McAllen city officials and watchdog groups agree: It’s difficult to fight against that level of influence.
“They have enough lobbyists to have at least one lobby hand on every lawmaker,” Wheat said.
City officials across the state felt that influence strongly with the passage of SB 1004, he added.
While working with individual cities across the country, AT&T had accepted a fair market rate for installing small cell phone towers, or nodes, on public property. The nodes are designed to improve wireless coverage for AT&T customers.
The average price tag was between $1,500 and $2,500 per node. Then SB 1004, authored by State Sen. Kelly Hancock, capped the price at $250.
AT&T representatives could not be reached for comment, but in a written statement, Hancock said the bill would help Texas improve its infrastructure.
“SB 1004 provides the framework to build a telecom infrastructure that will help our state maintain its status as a global economic leader,” Hancock wrote.
But the problem isn’t that Texas cities are opposed to AT&T using the public right-of-way and improving infrastructure, said Bennett Sandlin, executive director of the Texas Municipal League.
The problem is allowing them to do so without paying a fair price for it, Sandlin said, adding that the $250 cap is an “unconstitutionally low amount of money.”
“It’s mandatory that when private companies want to make a profit using public land that they pay a reasonable rental fee for it,” he said. “Just like if AT&T wanted to run these facilities through our backyard, we wouldn’t let them do it for free.”
The 2017 session was one of the first instances where city officials weren’t even allowed “at the table” to voice their concerns, Sandlin said.
Kevin Pagan, McAllen’s city attorney, agreed. He said the lawsuit allows Texas cities to try and address the issue before other companies repeat AT&T’s strategy of undercutting city government at the state level.
“Our concerns were completely ignored in this legislation,” Pagan said. “There’s just no precedent. Amounts in previous negotiations were reasonable. Now they’re virtually giving away the right-of-way to one little slice of the telecommunications industry. If I were a gas company, an electric company or a cable company, I would come in and say, ‘Hey, you did it for them, why don’t you do it for me?’ ”

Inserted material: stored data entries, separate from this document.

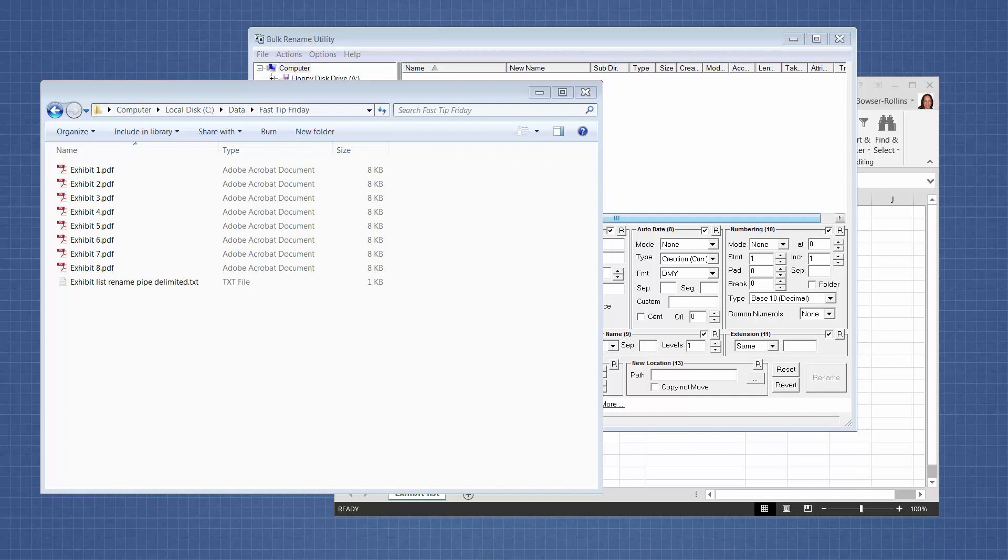Welcome to Fast Tip Friday, this is Amy Bowser with Litigation Support Guru. For today's Fast Tip, we need three things.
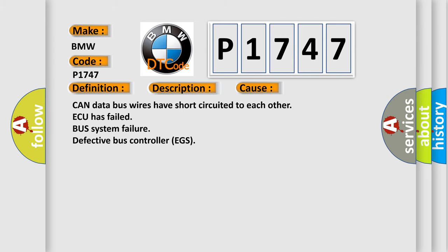This diagnostic error occurs most often in these cases: CAN data bus wires have short-circuited to each other, ECU has failed, bus system failure, or defective bus controller EGS.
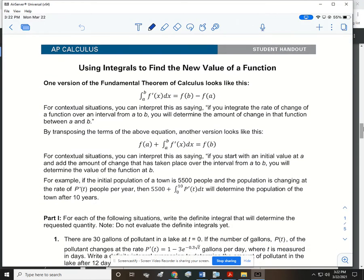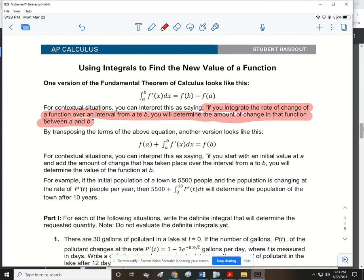We're starting a new packet from the College Board. It starts off with a lot of words, but they're important for conceptual situations. One version of the fundamental theorem of calculus says: the integral from a to b of f′(x)dx equals f(b) minus f(a). For contextual situations, you can interpret this by saying: if you integrate the rate of change of a function over an interval from a to b, you will determine the amount of change in that function between a and b.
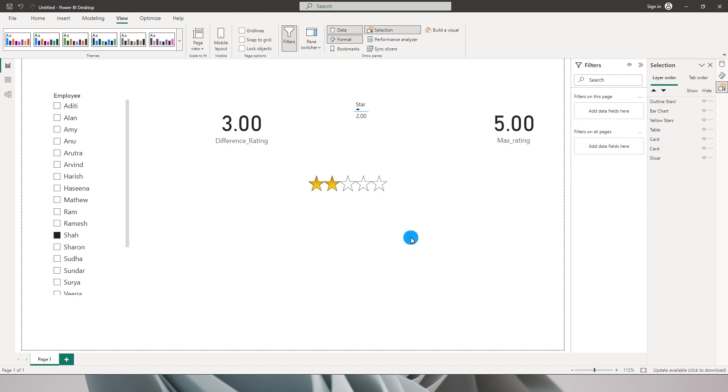This is how you can create star ratings within Power BI. I hope you found this tutorial helpful and learned something new today. Please consider subscribing to my channel for more such tutorials.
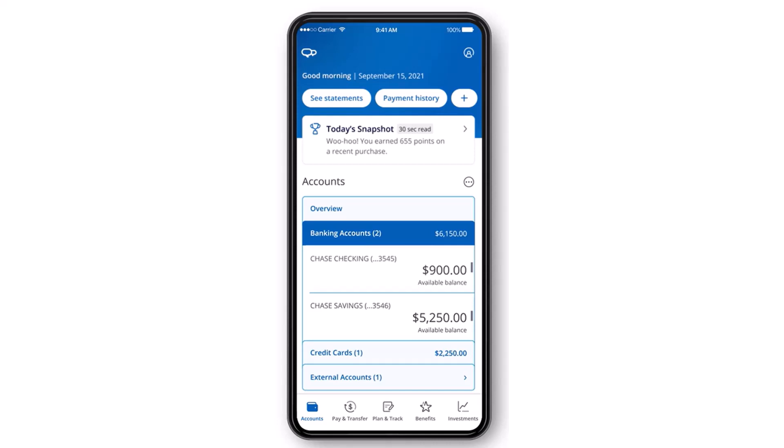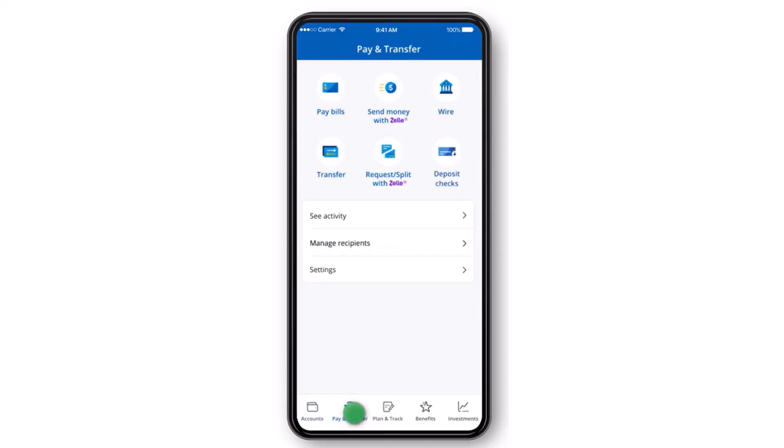To do that, first of all, open the Chase application on your mobile device and make sure you are logged into your account. Once you're logged in, your homepage will somewhat look like this where you'll have to tap on the Pay and Transfer tab, which is on the bottom side of the screen.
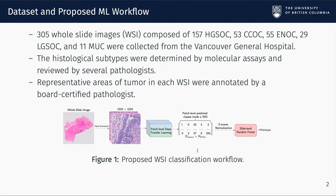The output of this stage is one of five class labels for each patch of the WSI. We then represent each slide with a five-dimensional feature vector, with each element representing the number of patches classified as one of the five histotypes of ovarian cancer. Finally, we employ a random forest classifier that assigns a slide to an overall diagnosis — ovarian cancer histotype in our case. We evaluate the proposed workflow using a threefold cross-validation with separate validation and test sets.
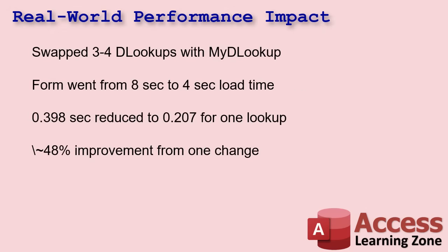I tested this on my own main customer form. I replaced three or four DLOOKUPs and DCOUNTs with snapshot-based equivalents. Before, it took eight seconds to load, and now it's down to four. I'm still working on it, I still got some optimizations to do. One specific lookup went from 0.38 seconds, I ran it 100 times to get the average, and I dropped it down to 0.208. So that's a 48% improvement. That's not huge on its own, but you stack a few of those up, and this is a form that I use all the time. Little wins, big saves.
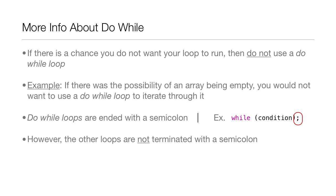Just remember that, as you can see in the example there. However, the other loops are not terminated with a semicolon. So just remember that the do-while loop is the only loop that is ended with a semicolon, not a brace.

So far, the Texas legal system has agreed to hear the cities’ case.
During the lawsuit’s first hearing last month, a district court judge denied the state’s motion to dismiss.
The company now faces a political battle on multiple fronts. Facing government intervention for its proposed merger with Time Warner, AT&T announced bonuses for thousands of employees after President Trump criticized the deal.
The company failed to mention in that announcement that it would also be laying off thousands of employees across the country, prompting lawsuits from several labor unions, including one in Central Texas, where AT&T would be laying off 50 employees in Austin and Bastrop.
Even with the setbacks, the company could still push through the $85 billion deal.